Gonzaga, que costuma advogar por pautas corporativas da Polícia Militar, defendeu o voto impresso como “possibilidade de aperfeiçoar os mecanismos de controle”. Sérgio e Cristina, por sua vez, têm ignorado o assunto em suas redes sociais.

— O PDT tem 27 deputados e houve seis votos favoráveis, dois deles de deputados que já estão de saída do partido. Número normal para um tema que não é programático e para o qual não houve fechamento de questão — declarou Wolney Queiroz, líder da sigla.

Diferentemente do PSB, que não deve repetir a punição dada dois anos antes, o PDT deve optar pela ofensiva. O presidente do Conselho de Ética da sigla, Marcos Ribeiro, afirmou que vai abrir de ofício um processo contra o grupo.

Cisões à direita
No PSL, ex-legenda de Bolsonaro que orientou voto pelo “sim” ao voto impresso, o presidente nacional, Luciano Bivar (PE), seguiu na direção contrária. Ele foi um dos cinco rebeldes, entre os 53 deputados da bancada (a maior da Câmara), a votar contra. Júnior Bozzella (SP), Dayane Pimentel (BA), Nereu Crispim (RS), Joice Hasselmann (SP) e Delegado Waldir (GO) se juntaram a Bivar.

O grupo representa a maior resistência no PSL a Bolsonaro. Rompidos com o governo federal em 2019, passaram a sofrer ataques da militância bolsonarista e viram Bolsonaro condicionar seu retorno ao partido a suas expulsões. Bozzella diz não ter ingerência na bancada, que tem Major Vitor Hugo, da tropa de choque de Bolsonaro na Câmara, como líder desde que Lira assumiu a presidência da Casa. Por isso, o grupo contra o voto impresso não teve como orientar pela rejeição à PEC.

— Quem vota favorável a um absurdo desses está compactuando com a tentativa de institucionalização de um golpe, porque é isso que o Bolsonaro tenta fazer o tempo todo, criar uma brecha para tumultuar o processo eleitoral — afirmou Bozzella.

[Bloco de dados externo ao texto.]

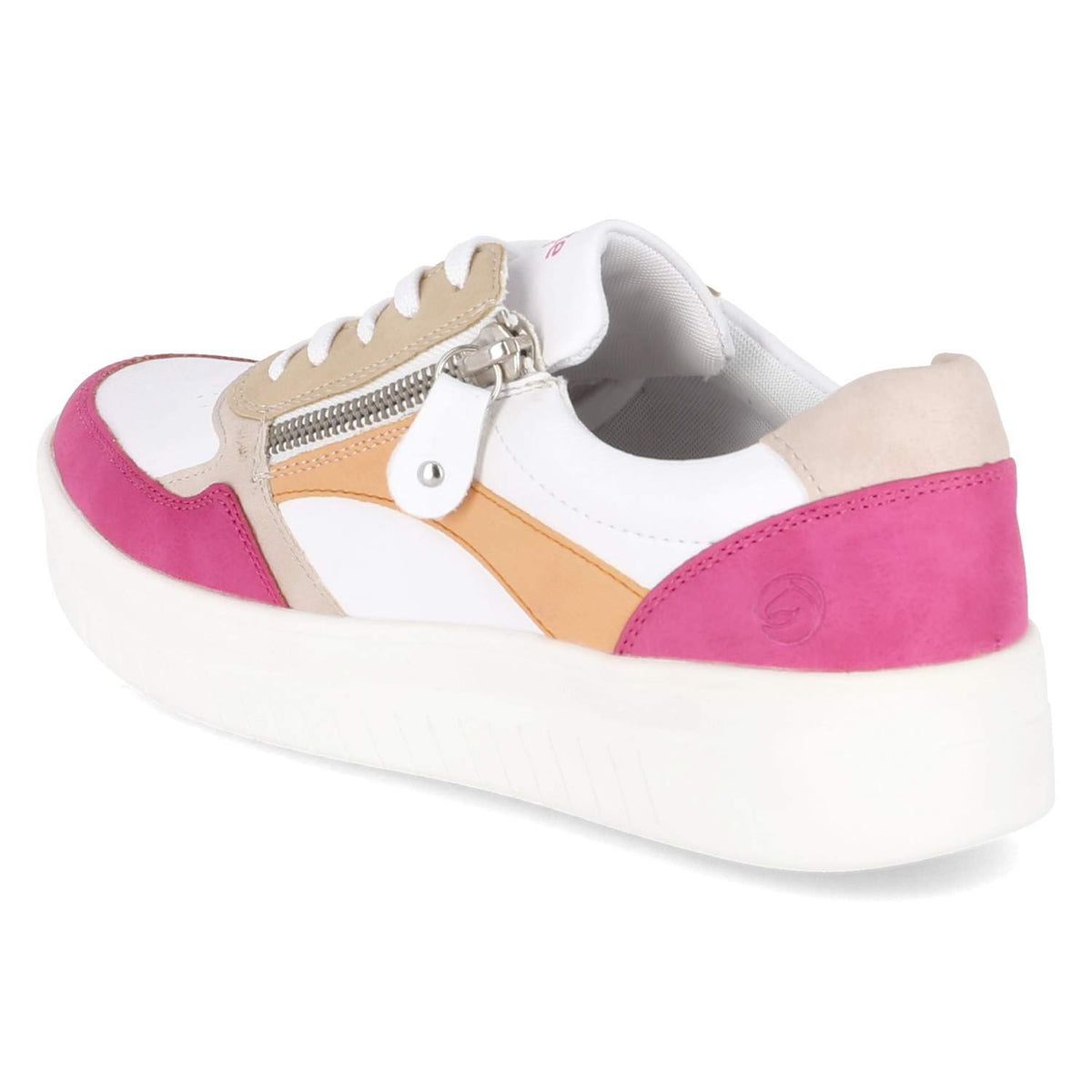 Low Sneaker Weiß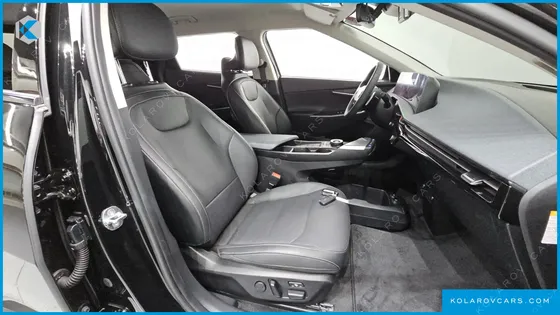 KIA EV6 LONG RANGE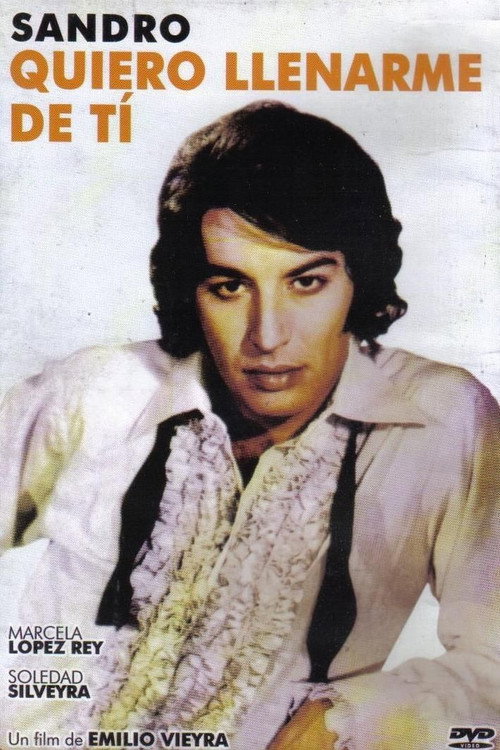 Quiero llenarme de ti постер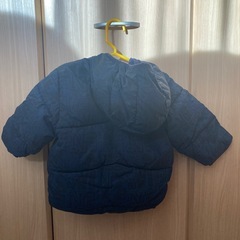 NIKEアウター　80の画像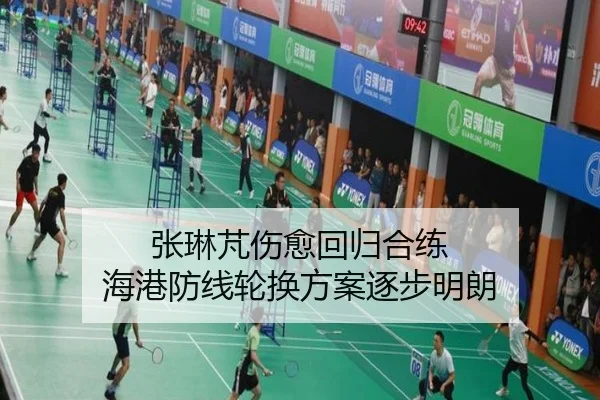 张琳芃伤愈回归合练 海港防线轮换方案逐步明朗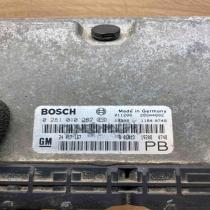 24417167 0281010267  Engine control unit/module ECU Opel Astra G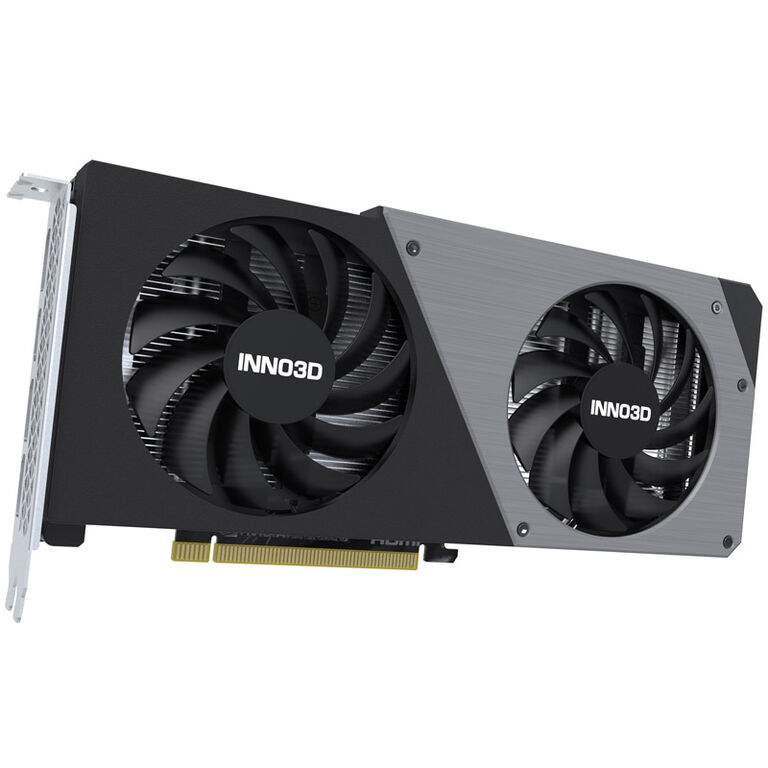 INNO3D GeForce RTX 4060 Twin X2 OC, 8192 MB GDDR6 image number 4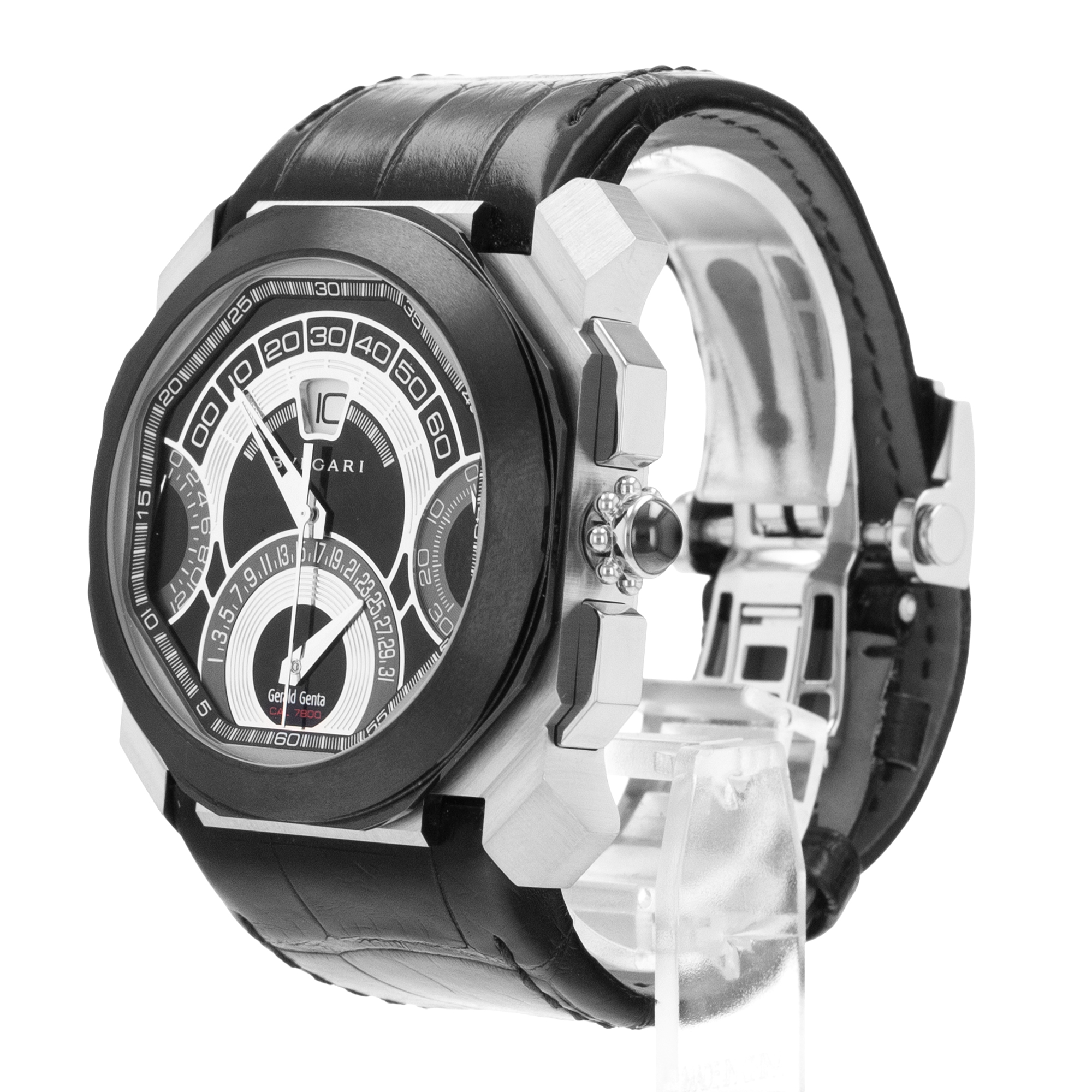 Bvlgari Gerald Genta 101882 Thumbnail 2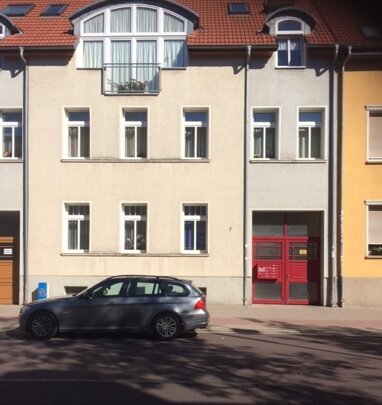 Wohnung zur Miete 306 € 2 Zimmer 61,2 m² 2. Geschoss frei ab sofort Friedrich-Ebert-Str. 7 (V) Köthen Köthen 06366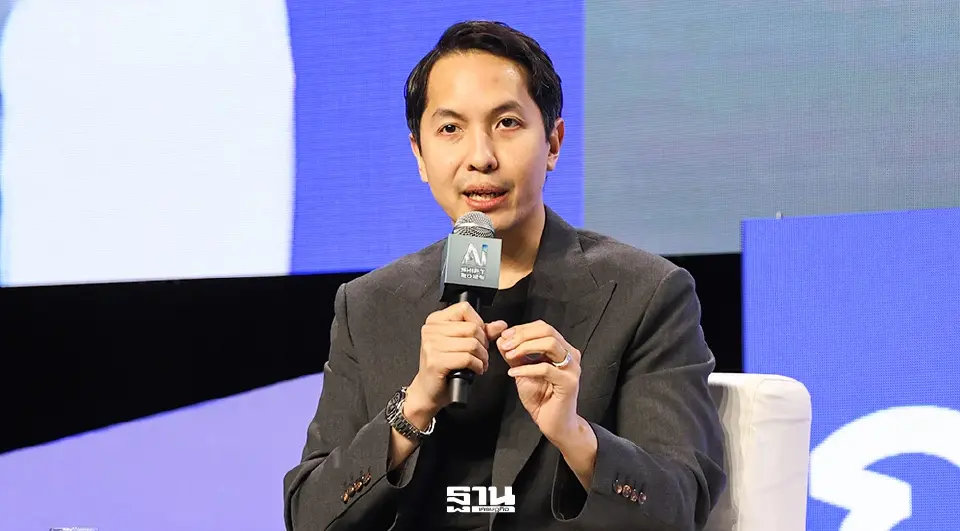 ‘เอกนิติ’ ดึง ‘สันติธาร’ นั่งผู้ช่วย รมว.คลัง เสริมทีมฝ่าวิกฤตน้ำมัน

No PSDB, cuja direção nacional tem feito oposição a Bolsonaro, 14 deputados não seguiram a orientação do partido e se posicionaram a favor da PEC. Agora, a executiva nacional estuda bonificar aqueles que seguiram a indicação da sigla, passando mais recursos do fundo eleitoral para os 12 parlamentares que ficaram contra a proposta. Outros seis se abstiveram ou faltaram.